___ Collected data ___
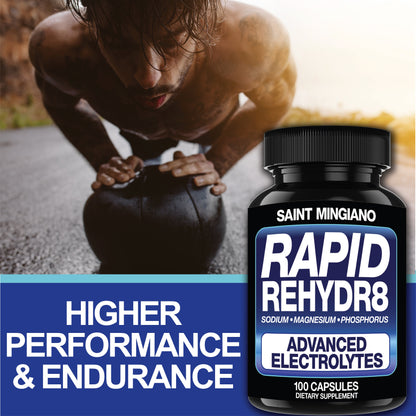 Rapid Rehydr8 Electrolyte Supplements 100 Capsules – Aid in The Prevention of Cramping and Supports Muscle Endurance and Recovery - Renee Lane Company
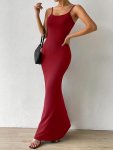Solid Color Sheath Cami Dress Elegant Sleeveless Bodycon Dress For Spring & Summer Women's Clothing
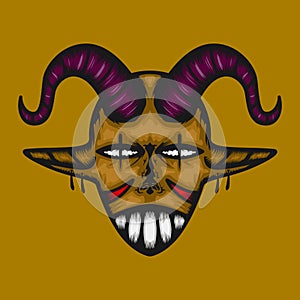 scary devil illustration with purple horns and long ears. handrawn, mascot, scary, colors and details style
___
## Exercise directions
Once the pictures are set aside, give the listing again word for word.

## Response below
 Rapid Rehydr8 Electrolyte Supplements 100 Capsules – Aid in The Prevention of Cramping and Supports Muscle Endurance and Recovery - Renee Lane Company
Solid Color Sheath Cami Dress Elegant Sleeveless Bodycon Dress For Spring & Summer Women's Clothing
 scary devil illustration with purple horns and long ears. handrawn, mascot, scary, colors and details style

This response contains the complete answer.